Com relação aos filhos, o político italiano explica
que a criação e educação de uma criança «é uma
tarefa árdua», pelo que sempre será melhor a
presença do homem consciente também de sua
responsabilidade.
«Nos primeiros meses de vida, a criança reconhece
sua mãe: acostumou-se por nove meses ao batimento de
seu coração. Ao contrário, o recém-nascido não
reconhecerá seu pai: é através da mediação da mãe
que o pai é reconhecido como tal pela criança»,
afirma. A mãe, geralmente, é a encarregada de dar
«segurança» à criança, enquanto o pai será quem,
habitualmente, lhe ensinará o sentido do «dever».
«Portanto, o papel masculino e o feminino se
diferenciam por razões naturais e funcionais»,
assinala. Ainda que a distinção não seja rígida e vá
mudando com o tempo e o espaço, a diferença é
necessária para «sustentar o processo da educação.
Além disso, a diferenciação tem uma base natural na
estrutura biológica do homem e da mulher», afirma.
Buttiglione pergunta-se acerca de se é possível uma
civilização que rejeite o dom da feminilidade, que
fuja da tarefa de preparar as mulheres para serem
mães. «Quando ocorre, a sociedade consome-se e
morre», responde. E agrega: «Em geral, isso marcou
mais o destino e decadência de grupos dirigentes
reduzidos como na crise final do Império Romano.
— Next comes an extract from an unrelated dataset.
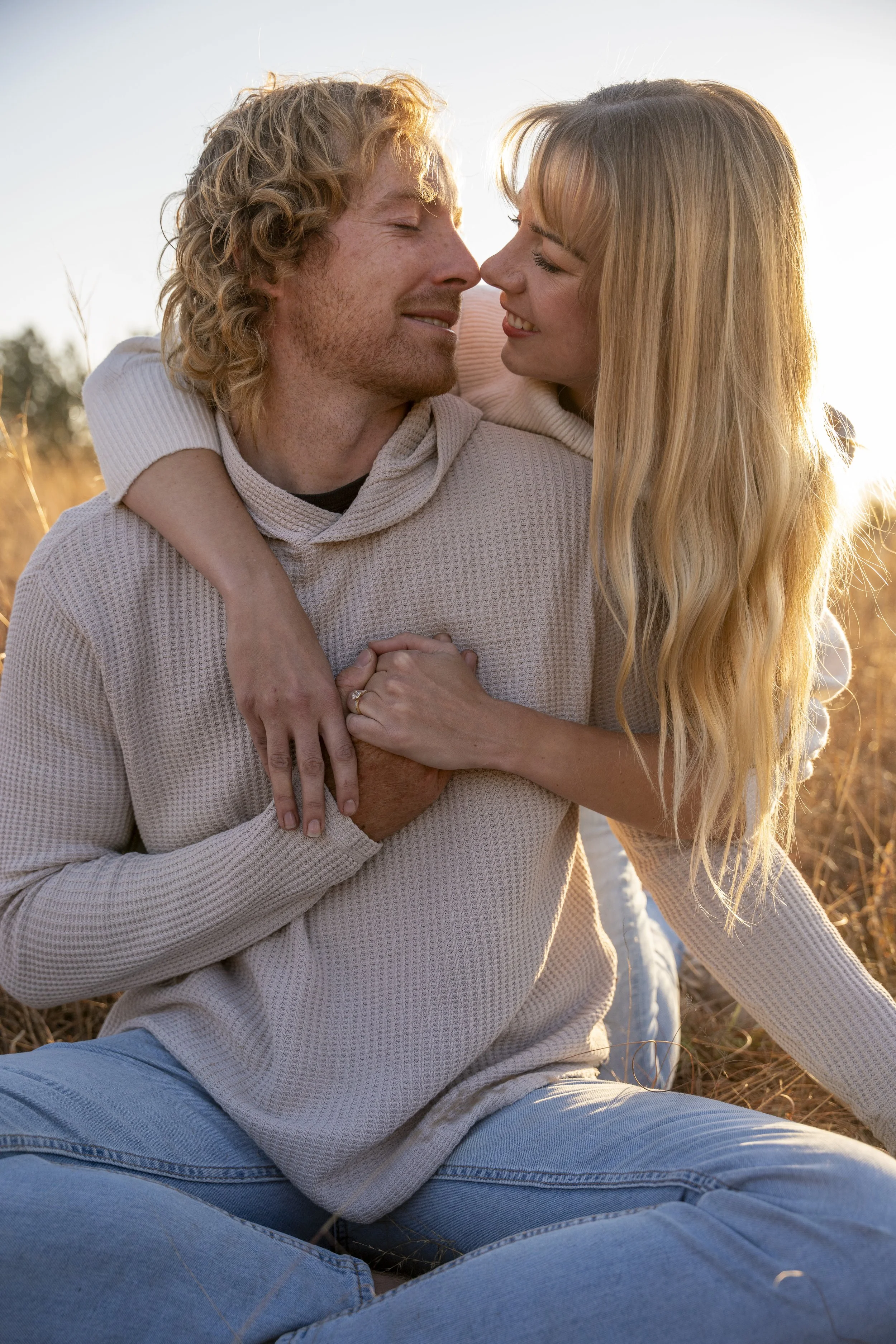 Engagement_0170.jpg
Mas
em nossa época, o fenómeno adquire uma dimensão de
massas e ameaça a própria sobrevivência de nossa
cultura», adverte.
Na cultura feminista, exemplifica, a concepção, que
é a essência da feminilidade, é vista como negativa;
assim também o papel do pai, que também foi
questionado mediante a «demonização» da autoridade.
A crise da família afecta, em consequência, toda a
sociedade, devido a que «o ideal de fraternidade
humana, de todos os homens, seria inconcebível se
não existisse a própria experiência da família».
Buttiglione expõe em seu texto que a família é o
princípio de unidade dos seres humanos, onde a
unidade não nasce da opressão, mas da entrega mútua
de reconhecimento, liberdade e amor.